On prend aussi la mesure de sa souffrance. Une souffrance physique qui la suit dès sa jeunesse, alors que ce succèdent en quelques années un épisode de polio et un accident important qui lui laisseront des séquelles indélébiles. Mais aussi — surtout? — une souffrance de l’âme, de l’amour, et du deuil de la mère qu’elle n’aura pas réussi à devenir, des enfants qu’elle n’aura pu avoir.

Si elle vit difficilement une première interruption de grossesse, qui lui est recommandée par un médecin, c’est une fausse-couche au début du deuxième trimestre de sa grossesse suivante qui l’achève presque. Elle écrit :

Ce fut un immense crachat d’eau, d’or et de sang.
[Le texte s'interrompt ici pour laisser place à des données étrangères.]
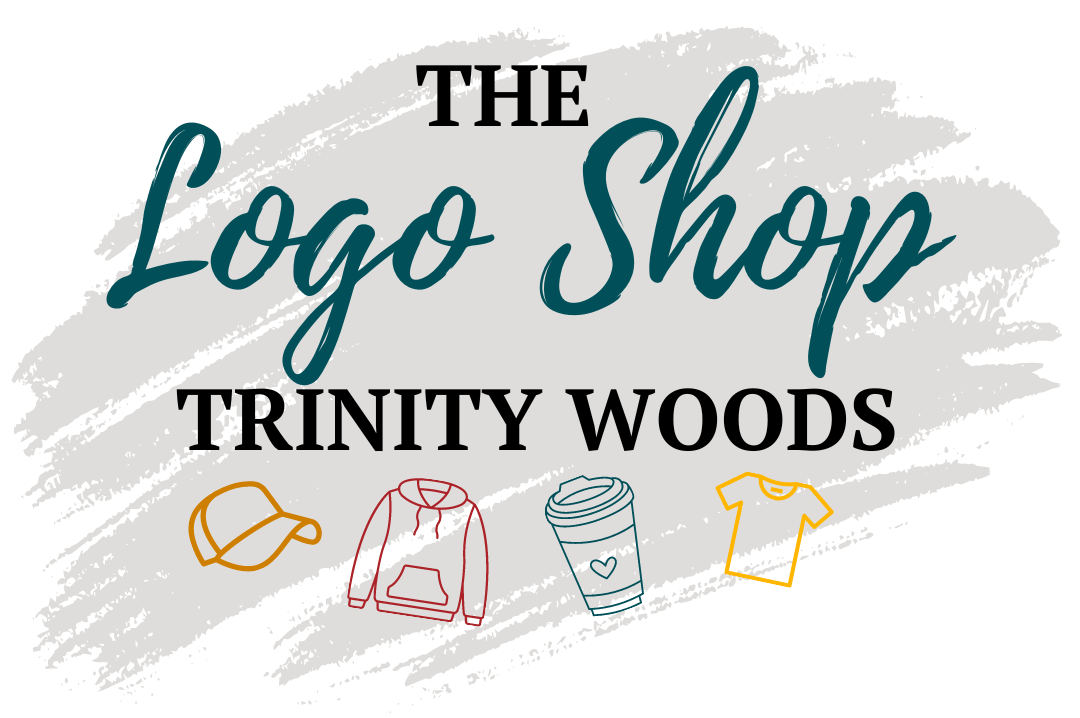Trinity Woods Online Logo Shop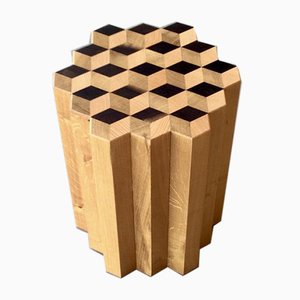 Illusions Stool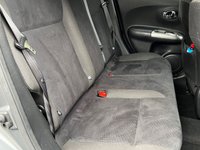 USED 2013 13 NISSAN JUKE 1.6 ACENTA PREMIUM 5d 117 BHP LOW MILEAGE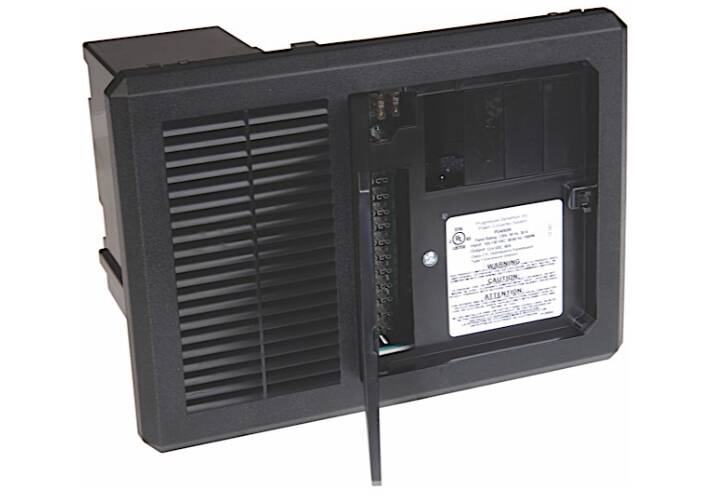 Progressive Dynamics Ac/Dc Distribution Panel & Inteli-Power 60amp Converter With Built-In Charge Wizard • PD4060KV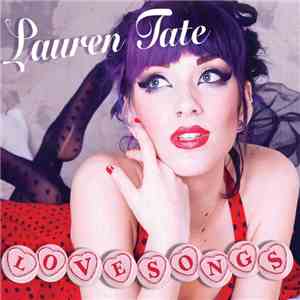 Lauren Tate - Love Songs flac album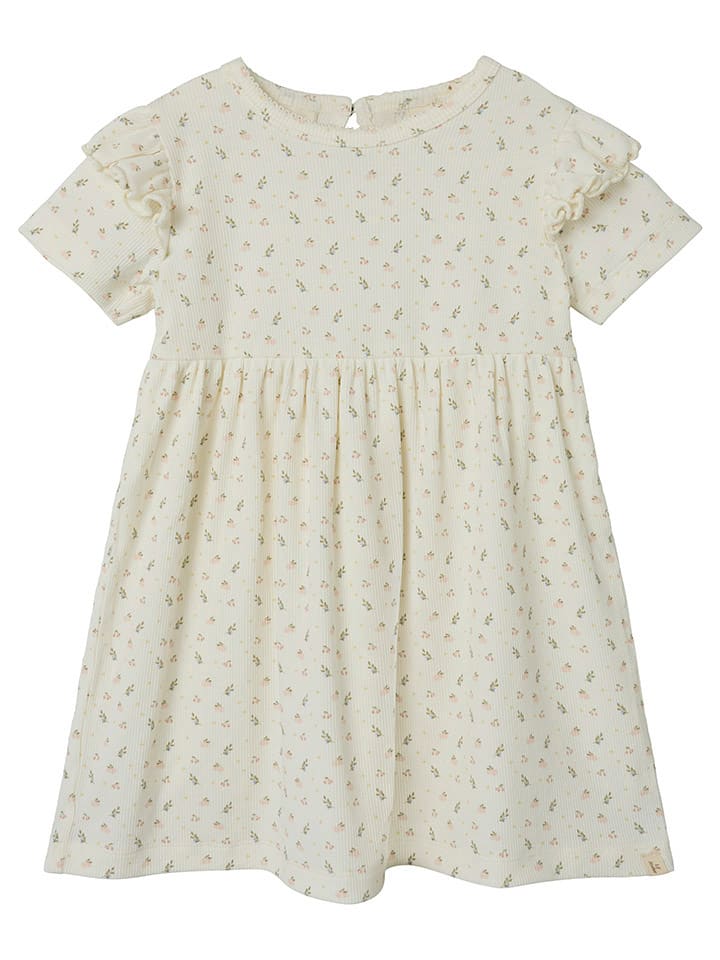 Платье "Гаго" белого цвета Lil Atelier
Платье "Гаго" белого цвета Lil Atelier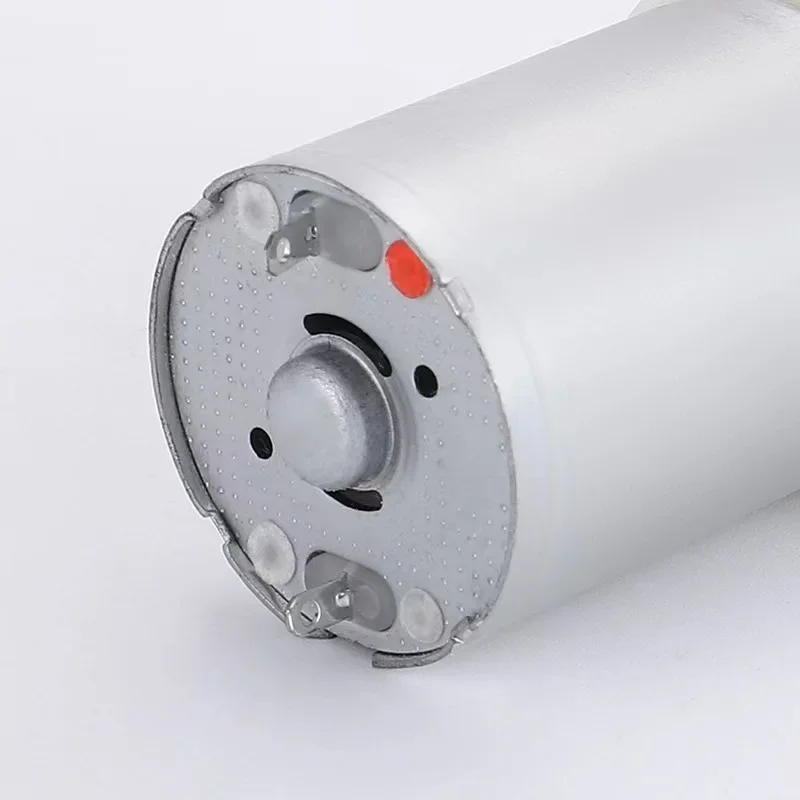 370 Mini Luftpumpe DC 6 V 12 V – Vacuum Chamber Small Bewertung und Preis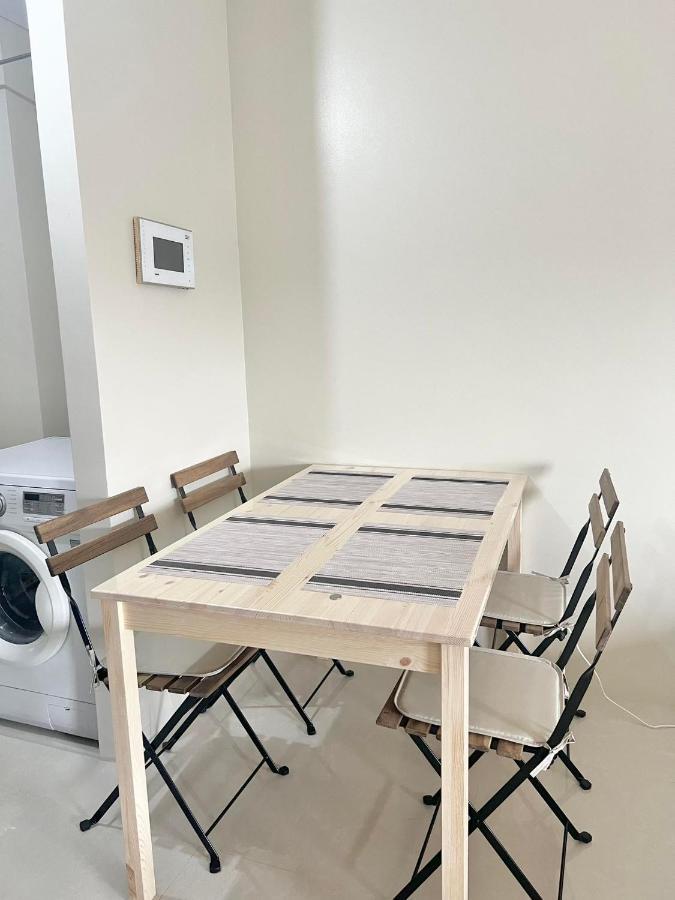 Luxury Hotel Type Condo Near Naia Manila Airport Paranaque City 외부 사진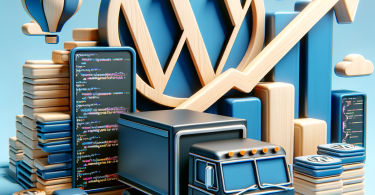 WordPress'te Yüksek Trafikli Siteler İçin Optimizasyon Teknikleri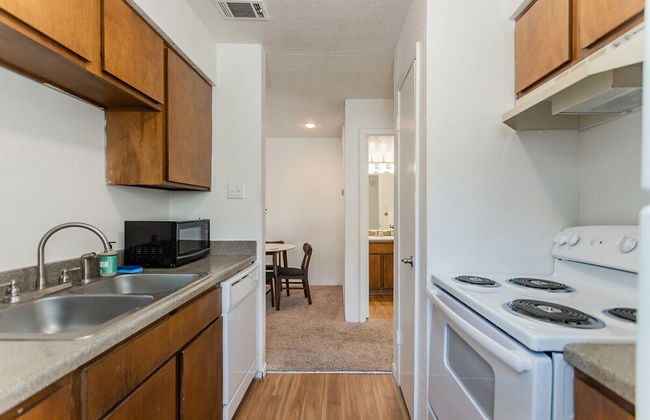 The Modern Midland Flats - Foto 57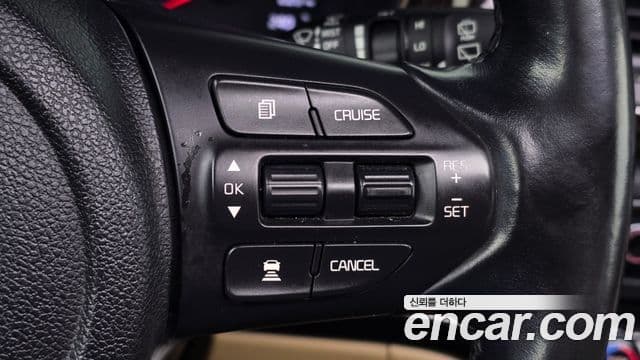 Kia The / новый New Carnival President, 2019 15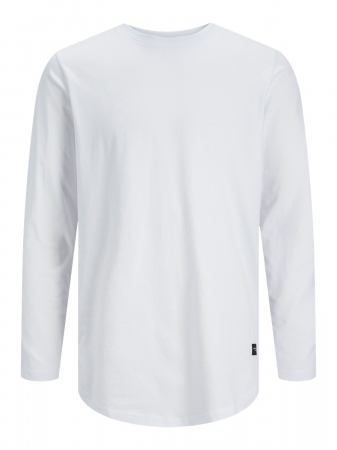Jack Jones Bluza Alba Relaxed Barbati [6]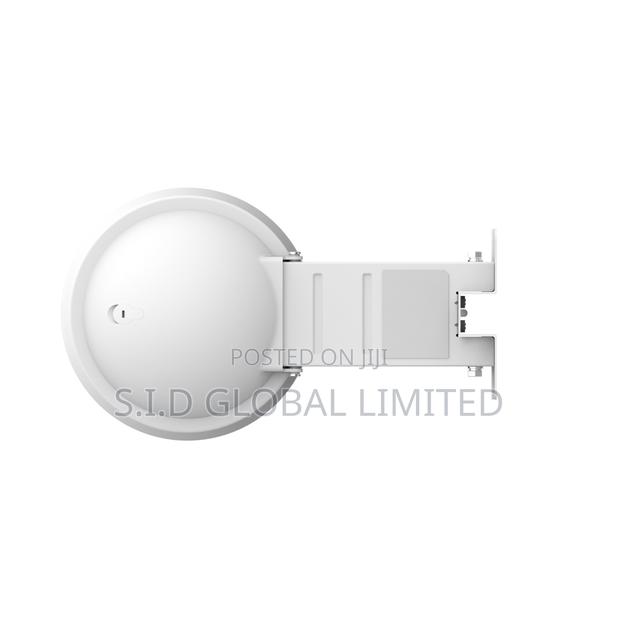 Rock-solid Connectivity: Outdoor Wi-fi 6 For Harsh Environments · Photo 1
Puis je ne vis plus rien, le sol mollissait sous mes pieds, des brisures d’éclair fragmentant mon corps, une désolation absolue, ma chair se fluidifiait, livrait une bataille perdue d’avance, une dislocation des membres, brutale, le dépareillement chaotique d’une unité, un corps béant se vidant de sa vie, donnant la mort, se donnant la mort.
Une peine à devenir fou.
Une peur panique. La terreur. Une poisse, la sueur, le sang, aucun élément solide sur lequel m’appuyer : murs comme de poussière, objets mouvants. […]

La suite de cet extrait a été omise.